> Exercise: The answer should hold only the lines from the one containing "Profile Picture of" through the one containing "RELIFE RL-601S PRO1" in the entries below, copied exactly, without pictures.

> Working data:
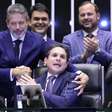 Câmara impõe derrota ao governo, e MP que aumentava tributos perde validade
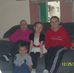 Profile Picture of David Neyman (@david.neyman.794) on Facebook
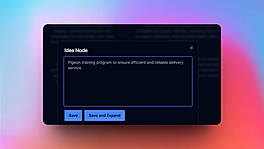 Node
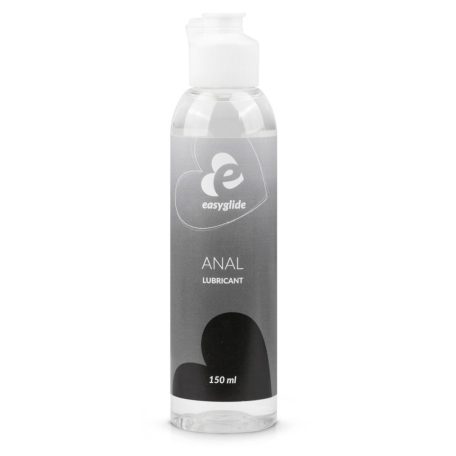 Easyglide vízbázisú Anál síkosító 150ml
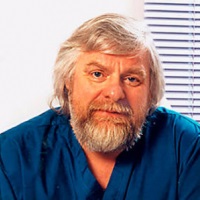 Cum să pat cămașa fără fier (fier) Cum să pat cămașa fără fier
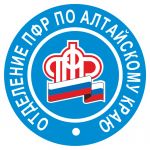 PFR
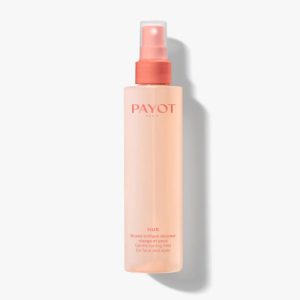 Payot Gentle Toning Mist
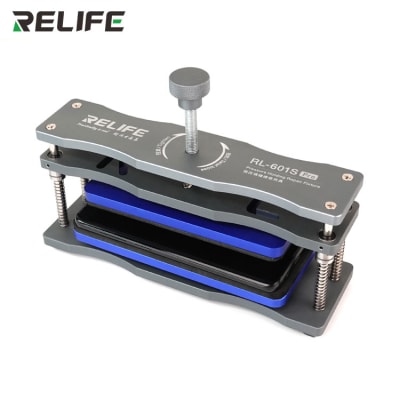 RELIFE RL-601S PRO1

---

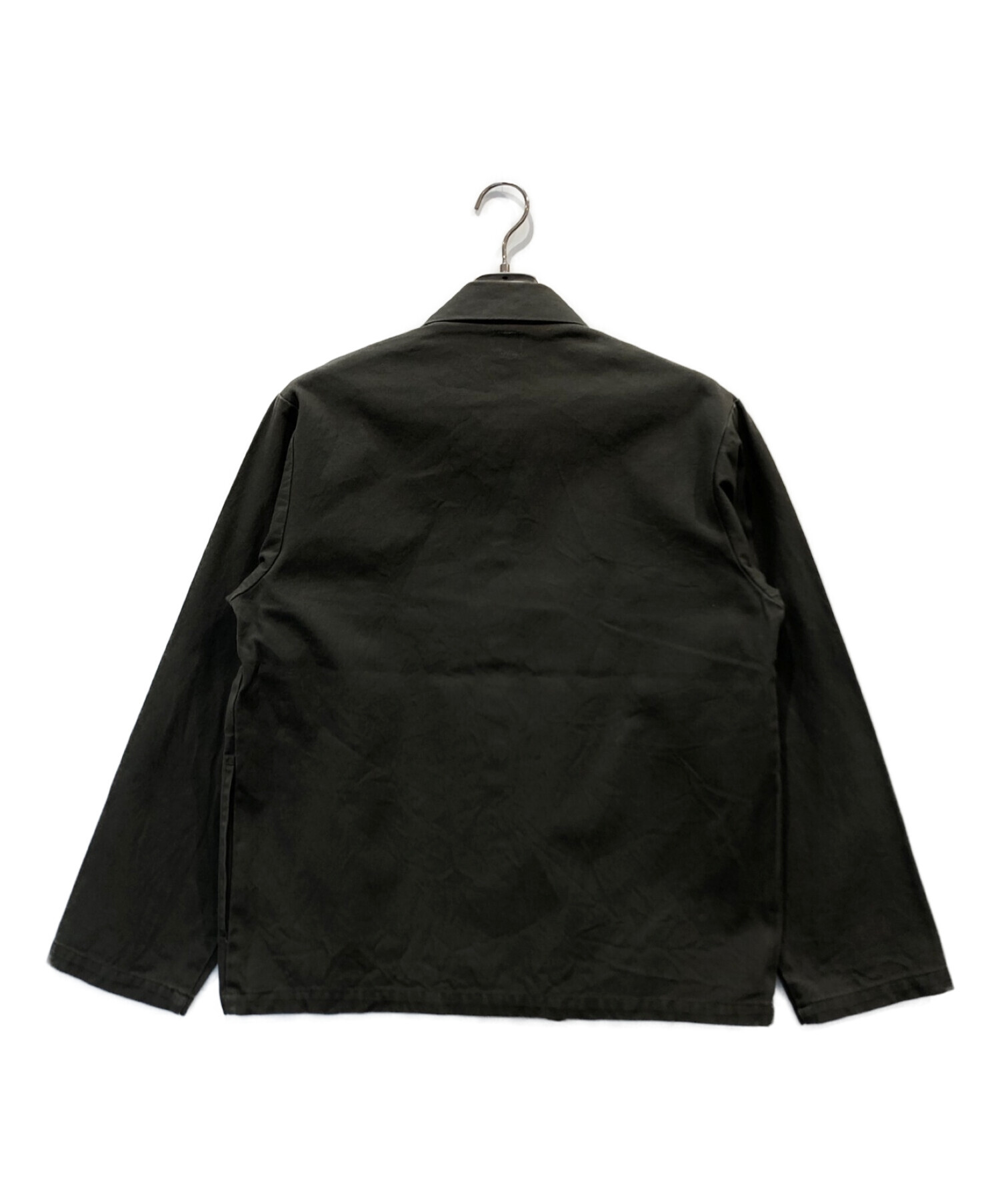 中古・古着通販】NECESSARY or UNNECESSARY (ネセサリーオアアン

> Expected answer:
 Profile Picture of David Neyman (@david.neyman.794) on Facebook
 Node
 Easyglide vízbázisú Anál síkosító 150ml
 Cum să pat cămașa fără fier (fier) Cum să pat cămașa fără fier
 PFR
 Payot Gentle Toning Mist
 RELIFE RL-601S PRO1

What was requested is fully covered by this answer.